Date of Award

2020

Degree Type

Dissertation

Degree Name

Doctor of Philosophy in English

Department

English

First Advisor

Peter Covino

Abstract

Opening Ceremony is a collection of poems in completion of a creative dissertation in poetry at the University of Rhode Island. The book is a five-year writing practice towards queer futurity and considers, both in form and content, how poems can transgress hierarchal binaries and create exit discourse. The poems use lyric imagery, reference to color and material, space on the page, and colloquial language, to write the bodies, aesthetics, and experiences of contemporary queer life. It is a practice of not rallying against hetero-patriarchy, capitalism and white supremacy, which may restabalize binaries, but rather, giving homage to that which is built in spite of what tries to stop us.
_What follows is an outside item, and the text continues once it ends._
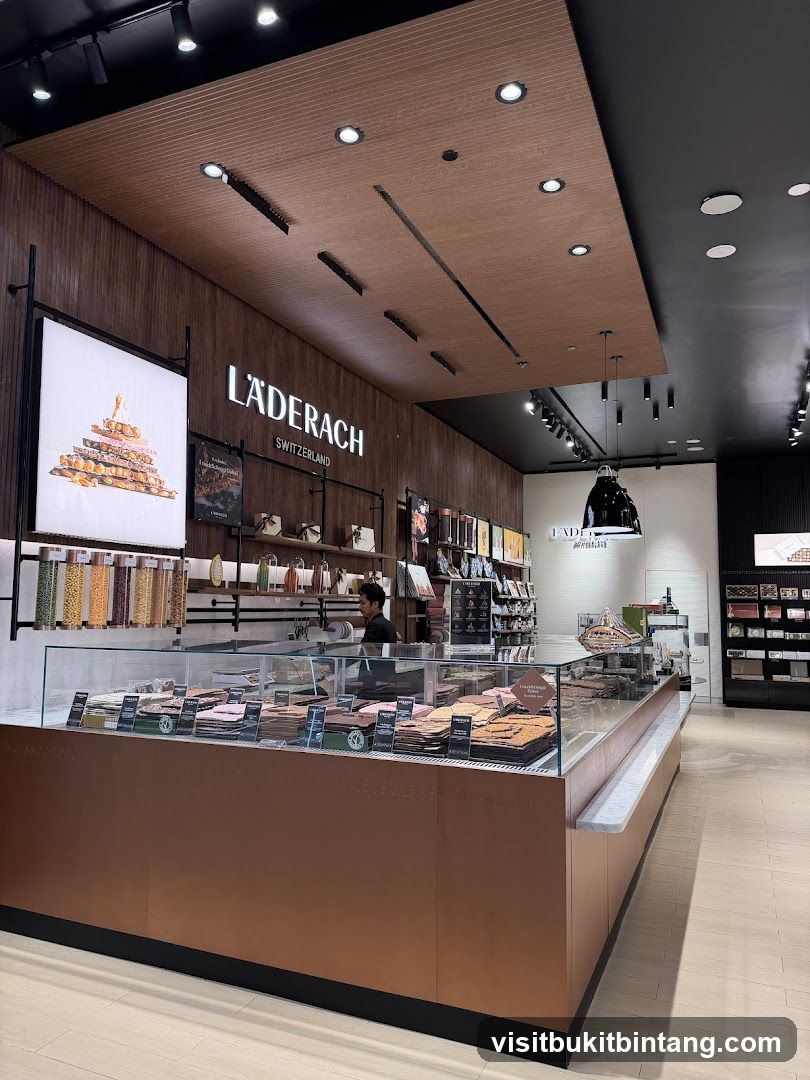 Läderach Chocolate Shop Interior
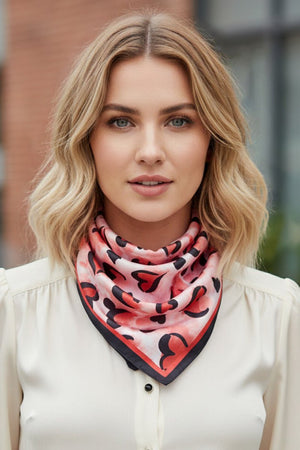 Love Note Square Satin Scarf - Wholesale Accessory Market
The title of the book references the popular New York City boutique of the same name, which will close its doors this year for good, and move to online commerce. For years, the boutique was a house of treasures for shoppers looking to buy from up-and-coming queer and marginalized designers. To be able to contain such unique talent in one space, within the massive shadow of name brand stores in Manhattan, was a symbol of the possibility of a queer future, one I believed could be built, not in reverse of power, but in negotiation of it—even in its ever-present mists. Opening Ceremony is a writing practice with comparable goals. My first book, Mall Brat is an ode to teen life before and after the major market crash in 2008; having left the shopping mall, still with enormous economic uncertainty, I am ready for the queer boutique of the future

The poems in this collection open with a dramatic scene that imagines a celebratory picnic of queer life. The use of both a humorous and tragic tone, serves to demonstrate the amount of creativity and care that are needed to build in spite of adversity—not just as an imposition to societal control, but an endless becoming of the new.

The poems rally for creation with sensory imagery, flippant language, and constant self-reference to what is already built. To me, this is what is meant by exit discourse towards a queer future. Queer narratives are not a result of or an opposite to. They are a center and a force. I want readers to see more of themselves, and perhaps participate in more parts of their lives, by engaging with queer writing.

Though many theoretical influences are evident, including Audre Lorde and Sarah Ahmed, one is most important to this work. In her essay White Glasses, Eve Sedgwick discusses the trouble that fat women face in getting other people to see them as they wish to be seen. She compares this experience to her new feelings of disassociation between the gender others view her as, and that of which she actually feels inside, dare she say it, as a gay man. Sedgwick’s desire to be seen as herself by others opens a portal for readers to be encouraged towards similar world building to make it so in the future.

Finally, this book considers the importance of translingual and experimental approaches in teaching writing. Through considering cultural rhetoric and the multiplicity of literacies students come to the classroom with, I write with an attention to how discourse produces knowledge, and how I wish to expand my writing to include a multiplicity of voices. I hope in reading my work, others are less reluctant to take great leaps in their own, even without similar models to follow. I say they can follow themselves to the future they want as a writer.